A single-cell approach
“Though under-recognized, virus infections in natural systems are often going to be inefficient as a natural virus will rarely meet its optimal host, with optimal physiology, in the wild,” explains Sullivan. To understand the mechanisms underlying sub-optimal virus-host interactions, researchers may turn to single-cell approaches.
According to Sullivan, single-cell approaches are valuable for determining whether the lack of a successful lytic infection resulted from lysogeny, a process by which the virus integrates into the host genome for passive replication, or from stalled lytic growth, by which the infecting phage takes control of host cell machinery. “However, multi-omics have been invaluable for understanding the many ways that infection efficiency is altered either on an alternate host or suboptimal growing conditions,” he adds.
Tools to support discovery-based science
As the vast majority of bacterial species, and therefore the viruses that infect them, are not amenable to traditional culture methods, Sullivan notes that traditional hypothesis-driven experimental science can be difficult to achieve. “That shows up time and again in reviews from researchers that might not work with complex communities,” he says.
A discovery-based approach may be an effective alternative, supported by more recent advances in technology and analytics. “I think we’re at a critical inflection point in science where the toolkit has changed so drastically that the discovery-based science empowered by scalable measurements, such as sequencing and analytics (machine learning, for example) is arguably as important as more traditional disciplinary experiments,” says Sullivan.
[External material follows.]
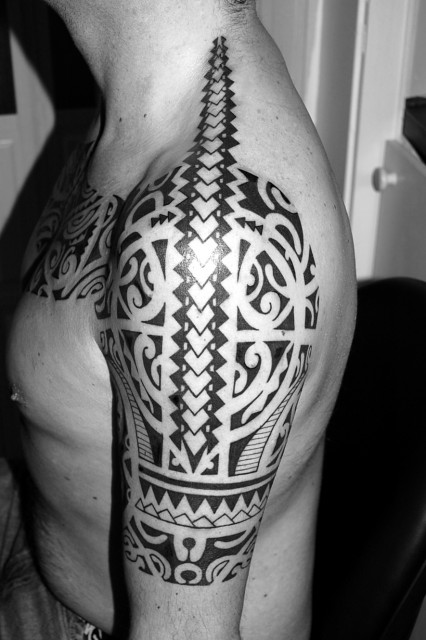 polynesischer arm, tahiti tattoo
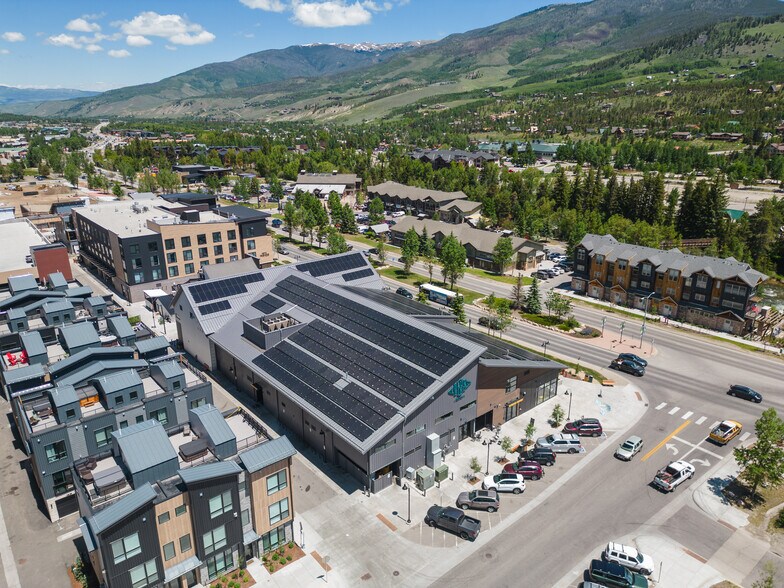 More Photos Of 325 Blue River Pky, Silverthorne General Retail For Sale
Indeed, machine learning methods have been applied to identify viral sequences in metagenomic data using deep learning, a method that relies on algorithms inspired by the structure of the human brain. DeepVirFinder, for example, is a reference-free, alignment-free machine learning method, and MARVEL (Metagenomic Analysis and Retrieval of Viral Elements) is a tool designed to predict dsDNA phage sequences in metagenomics bins. Sullivan and his colleagues have also recently released the updated VirSorter2 tool to leverage machine learning and capture dsDNA viruses, ssDNA viruses, RNA viruses, and giant viruses.
Ultimately, Sullivan believes that in broadly appreciating both hypothesis-driven and discovery-based science, innovation will flourish. Going forward, he hopes to apply the viral ecogenomics toolkit he and his colleagues developed to study viruses in the wild and in their ecosystem context. “With that toolkit in hand, we are now excited to apply it to diverse ecosystems to answer questions ranging from improving human health outcomes to quantifying speciation rates in hundreds of thousand-year-old viruses, to understanding how viruses of microbes impact ocean, soil, and other ecosystems.”
Recently, Ohio State has launched a new Center of Microbiome Science and an NSF-funded EMERGE Biology Integration Institute. “Together, these new collaborative efforts are helping push the boundaries of ‘genes to ecosystems’ science, to bring understanding to how microbiomes and their viruses impact the planet,” says Sullivan.
Certainly, with advanced sequencing-based approaches and powerful analytical tools, researchers can gain a deeper understanding of the multitude of viruses that affect our natural world and our physical selves.